Hall of Ads: Fogg Border - The deodorant campaign that became a catchphrase

From its early humorous storytelling in 2015 to commanding attention during the IPL in 2023, Fogg’s iconic ‘chal raha hai’ campaigns transformed a deodorant tagline into a national catchphrase

In 2015, a cheeky 30-second television spot achieved what most advertisers only aspire to: it embedded itself in everyday Indian conversation. The setup was simple—two soldiers at the India-Pakistan border, a casual question, and a three-word punchline that would echo across the country for years.

“Aur janaab, kya chal raha hai?” asks the Pakistani officer with a grin.

“Janaab, Hindustan mein toh Fogg chal raha hai,” replies the Indian soldier.

Within weeks, the four words, “Fogg chal raha hai”, had escaped the confines of commercial breaks. Shopkeepers used the phrase with customers, while students adopted it in college corridors. It found its way into a Gulzar play, Himachali folk songs, and even national news broadcasts. When asked how things were going, the response was no longer “fine”, but “Fogg chal raha hai”.

Eight years on, in 2023, the campaign made a triumphant return during the Indian Premier League, once again entering the nation’s cultural vocabulary.

The campaign's success was particularly striking given how sharply it broke from industry norms. In 2015, the Indian deodorant market largely followed a familiar formula: attractive models, sexual innuendo, and the implicit promise that one spray could transform one’s romantic prospects. Most campaigns adhered closely to this approach, making the new campaign’s fresh, humorous tone all the more remarkable.

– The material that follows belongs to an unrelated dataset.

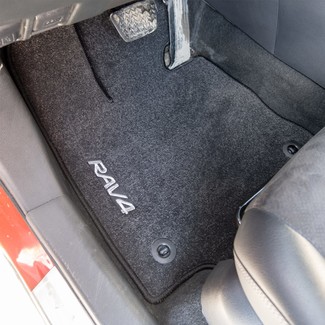 Коврики на Toyota Rav4 V 2018 - 2025 в Туле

Fogg, founded by entrepreneur Darshanbhai Patel, adopted a radically different approach. Its unique selling proposition was not ‘desirability’ but ‘value’. The pitch – “No gas, 800 sprays” – emphasised a pure perfume concentrate without propellant filler, offering significantly more uses per bottle than competing products.

The challenge lay in making efficiency feel exciting. Patel turned to The Womb, a creative agency founded in 2015 by Ogilvy veterans Navin Talreja and Kawal Shoor. Together, they developed a campaign that prioritised cultural resonance over conventional sexual appeal.

Their insight centred on a phrase every Indian already knew: “Kya chal raha hai?” – an informal Hindi greeting meaning “What’s happening?” or “What’s up?” In Hindi, however, “chal raha hai” carries multiple layers of meaning. It can signify that something is popular, that it is working well, or simply that it is happening. When the soldier says “Fogg chal raha hai,” he is simultaneously declaring that Fogg is trending, successful, and current. That is the beauty of the Hindi language.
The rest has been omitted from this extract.